:: Task directions ::
Beginning at the line that mentions "Calvin Klein 3er-Pack", retype the rest of the records below exactly. Pictures are not part of the copy.

(Collected data entries)
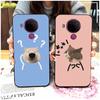 Shockproof Couple Phone Case For Nokia 5.4 Durable Phone Pouch Dirt-resistant Protective Anti-knock TPU Graffiti Cute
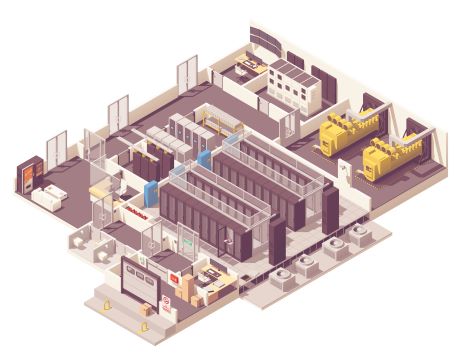 data center pre-construction phase
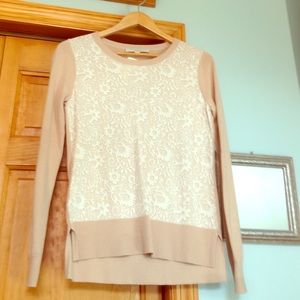 Lace Sweater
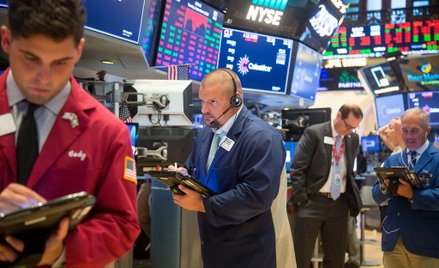 Panika to dobry sygnał. Niektórzy się na niej odbiją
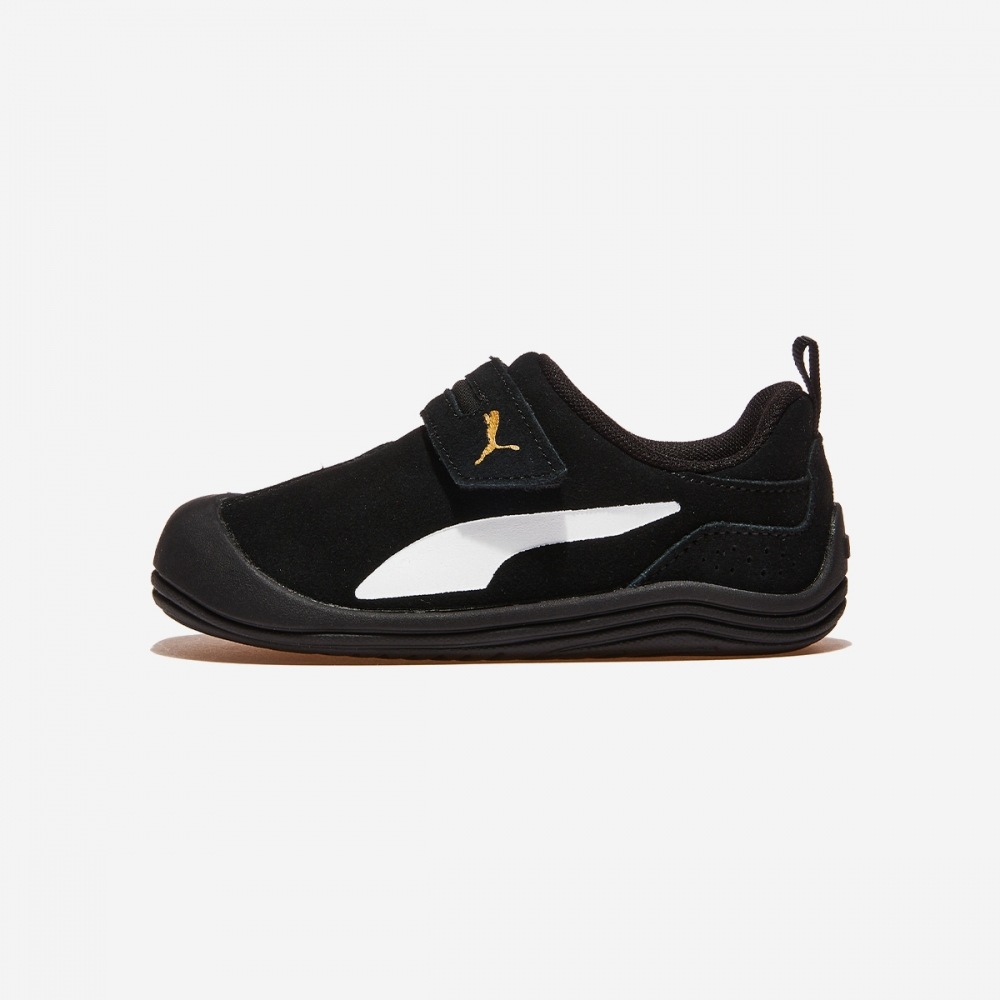 プーマ ベルクロ インファント PKI40380701-PUMA ブラック-PUMA ホワイト-PUMA ゴールド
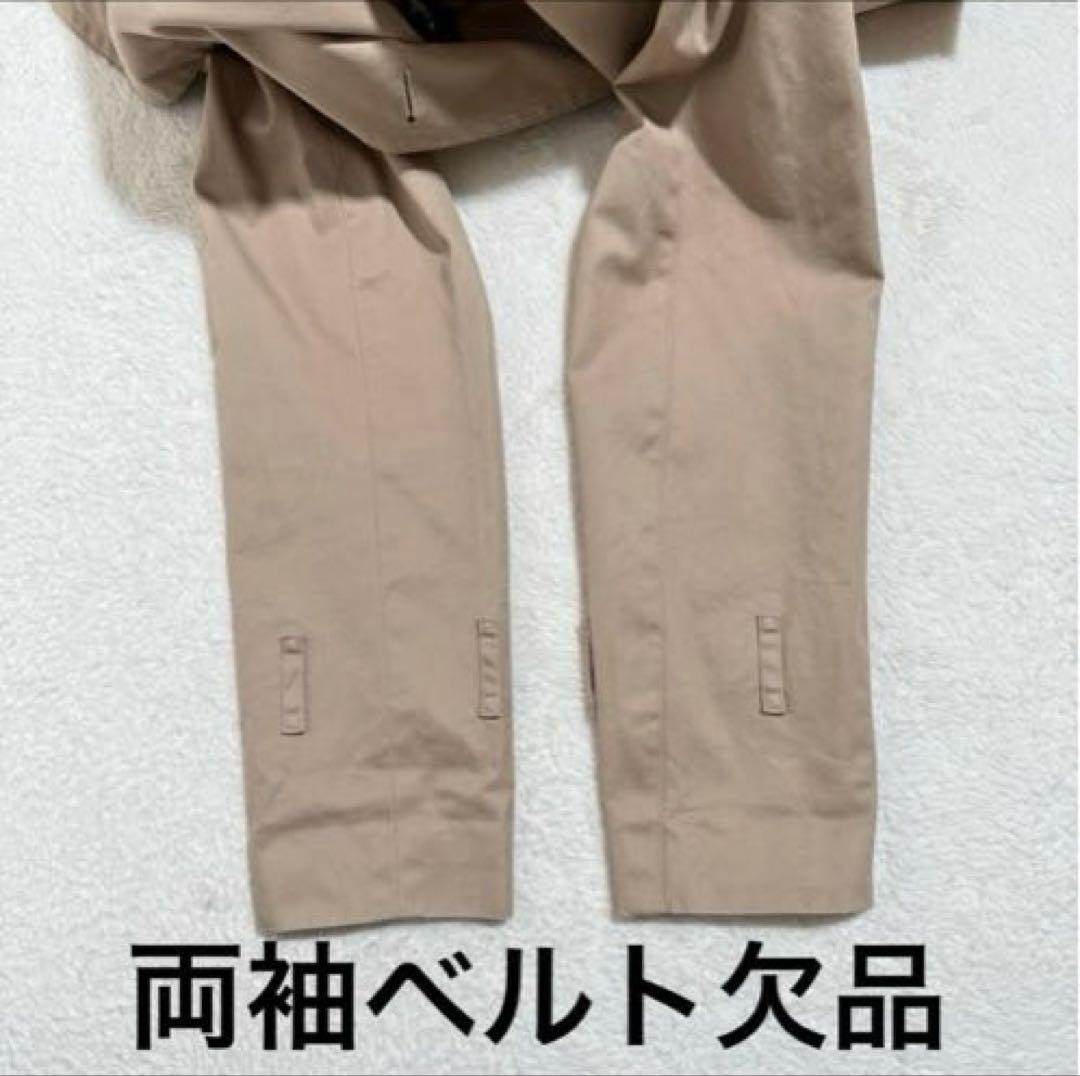 ブルーレーベルクレストブリッジ たトレンチコート　ライナー付き　ベージュ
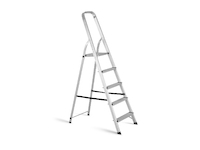 Procraft Schůdky hliníkové jednostranné 3st. Procraft  PLA2.62 | PLA2.62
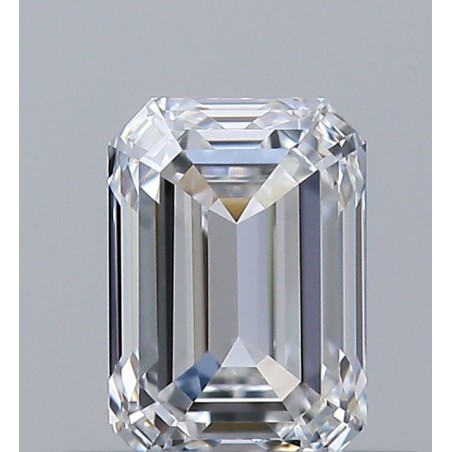 Diament szlif szmaragdowy, 0.4ct, VVS2, E, GIA 2517598941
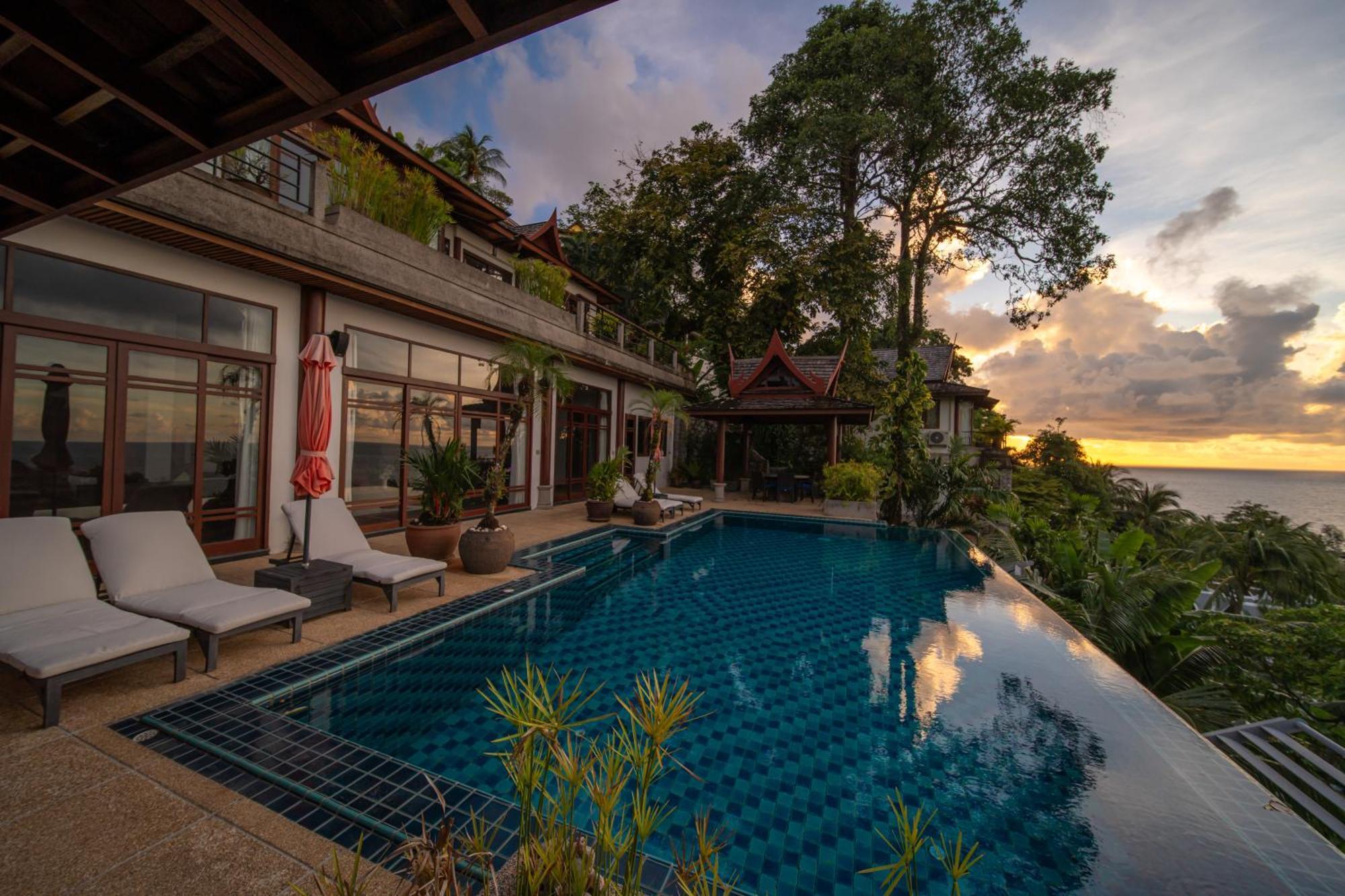 Surin Luxurious 6Br Private Swimming Pool Stunning Sunset Villa Phuket Eksteriør bilde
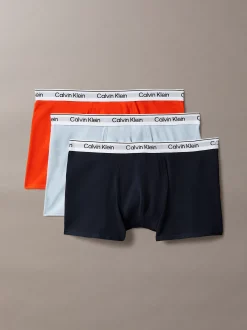 Calvin Klein 3er-Pack Boxershorts für Jungen - Icon Cotton Stretch^Kinder Unterwäsche|Unterwäsche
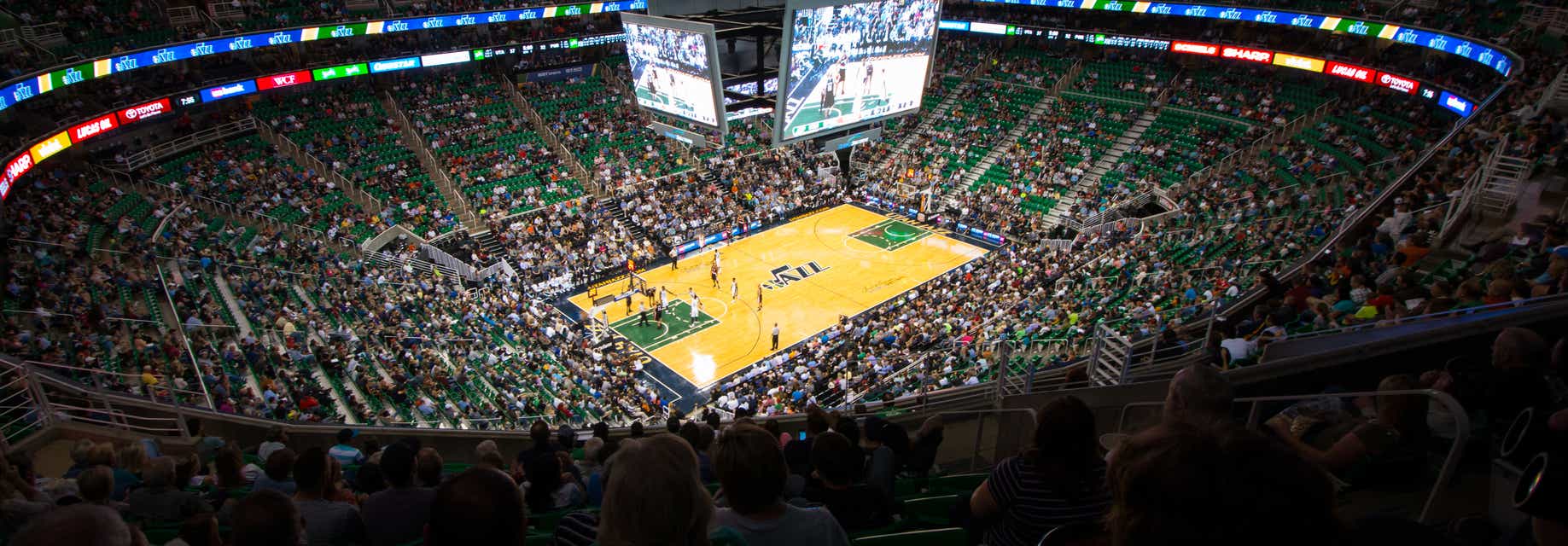 Seat view from Upper Bowl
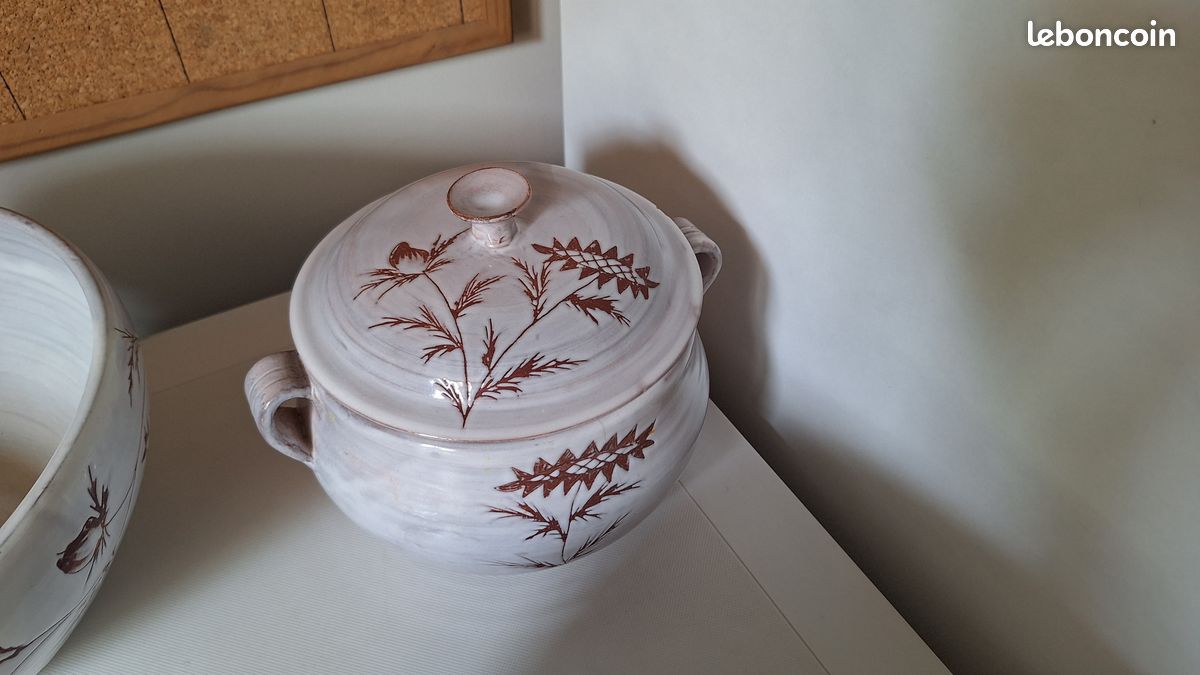 Vaisselle vallauris vintage (image 1)
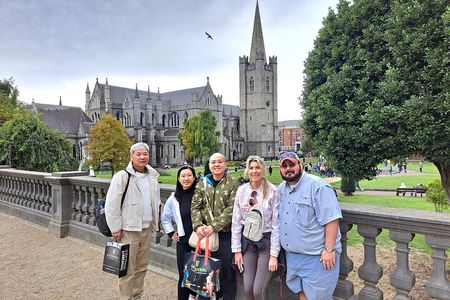 St Patrick's Cathedral, Book of Kells and Dublin Castle Tour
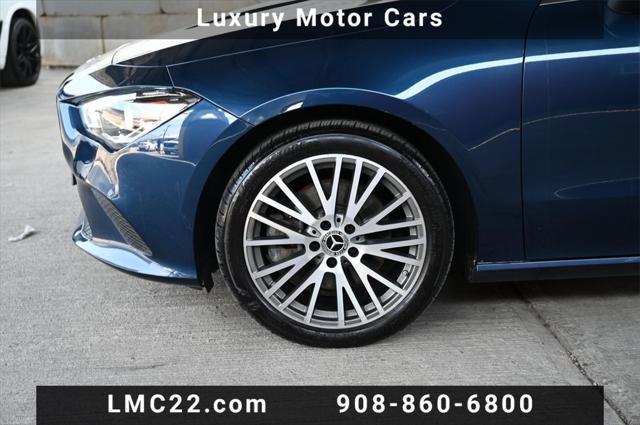 used 2020 Mercedes-Benz CLA 250 car, priced at $25,894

:: Answer to the problem ::
 Calvin Klein 3er-Pack Boxershorts für Jungen - Icon Cotton Stretch^Kinder Unterwäsche|Unterwäsche
 Seat view from Upper Bowl
 Vaisselle vallauris vintage (image 1)
 St Patrick's Cathedral, Book of Kells and Dublin Castle Tour
 used 2020 Mercedes-Benz CLA 250 car, priced at $25,894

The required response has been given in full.